Member of the Connecticut House of Representatives from the 14th district
- Incumbent
- Assumed office January 4, 2017
- Preceded by: Bill Aman

Personal details
- Born: Thomas A. Delnicki September 7, 1956 (age 69) South Windsor, Connecticut, U.S.
- Party: Republican
- Spouse: Audrey J. Bryda ​ ​(m. 1986)​
- Education: South Windsor High School
- Alma mater: University of Connecticut

= Tom Delnicki =

American politician

Thomas A. Delnicki (born September 7, 1956), commonly known as Tom Delnicki, is an American politician who has served in the Connecticut House of Representatives from the 14th district since 2017. Delnicki is a Republican.

== Early life and education ==
Delnicki was born September 7, 1956, in South Windsor, Connecticut. He grew-up on the family farm which was owned in the fourth generation. He graduated from South Windsor High School in 1974 and earned a bachelor's degree from the University of Connecticut.

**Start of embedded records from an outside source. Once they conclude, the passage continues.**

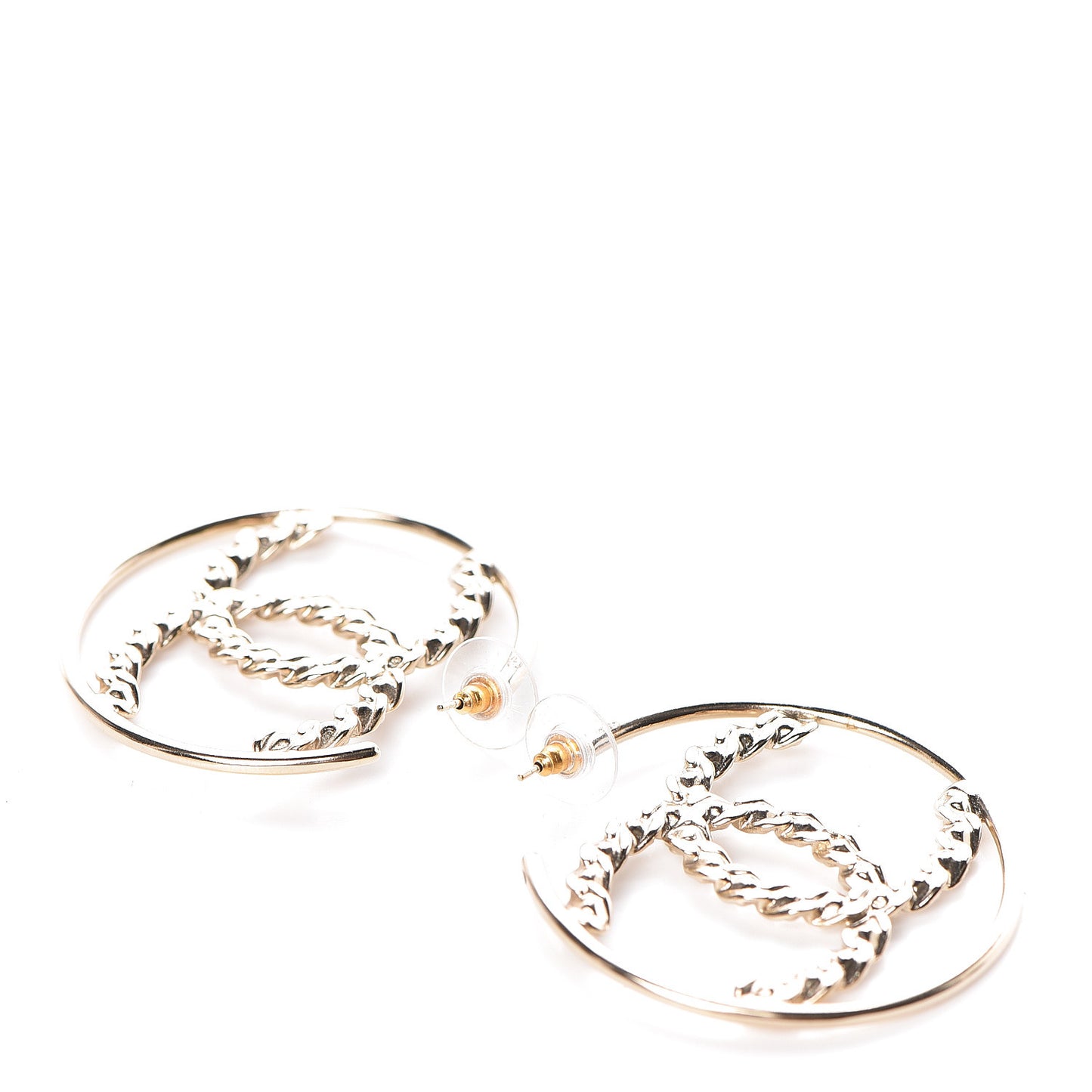 Crystal CC Hoop Earrings Gold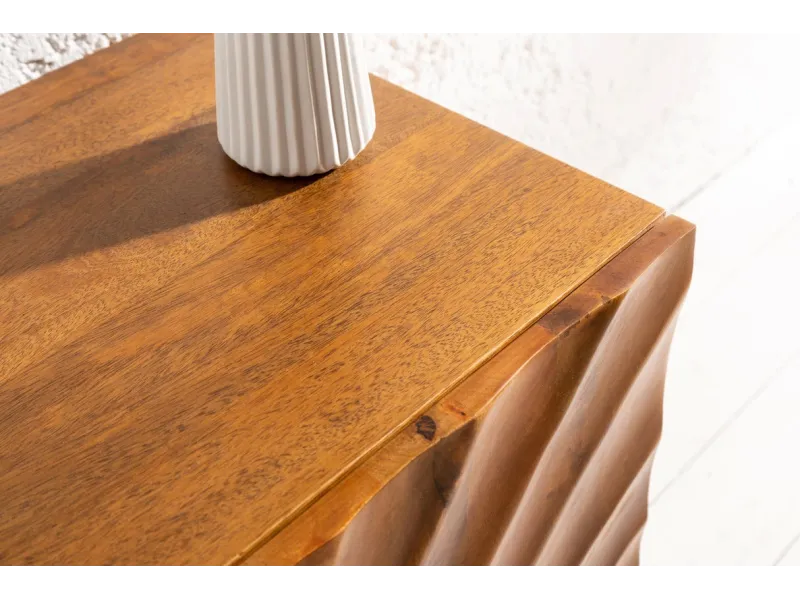 Meuble TV en Bois Massif avec Sculptures 3D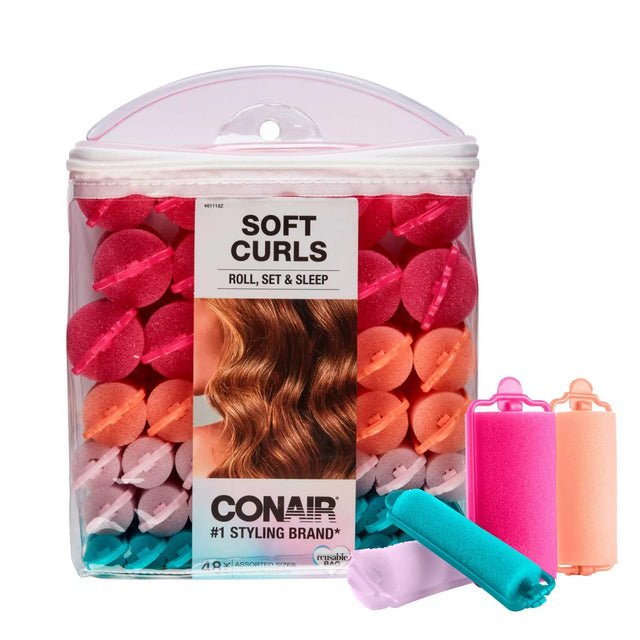 CONAIR Heatless Soft Curl Foam Rollers - Assorted Sizes & Colors, 48 count-074108611185-LR-192407-1-LR eShop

He is of Lithuanian descent (original spelling was Delnickas) on his father's side.

== Career ==
He retired from the Metropolitan District as a Facilities/Maintenance Supervisor.

== Politics ==
Delnicki served on the South Windsor Town Council from 1995 to 2007 and again from 2009. During his tenure on the council, he has been Mayor twice, Deputy Mayor and served on the first Strategic Planning Committee formed in 1999. Since January 4, 2017, he serves as a member of the Connecticut House of Representatives for the Republican Party.

== Personal life ==
In 1986, Delnicki married Audrey J. Bryda (b. c. 1960), in South Windsor, Connecticut.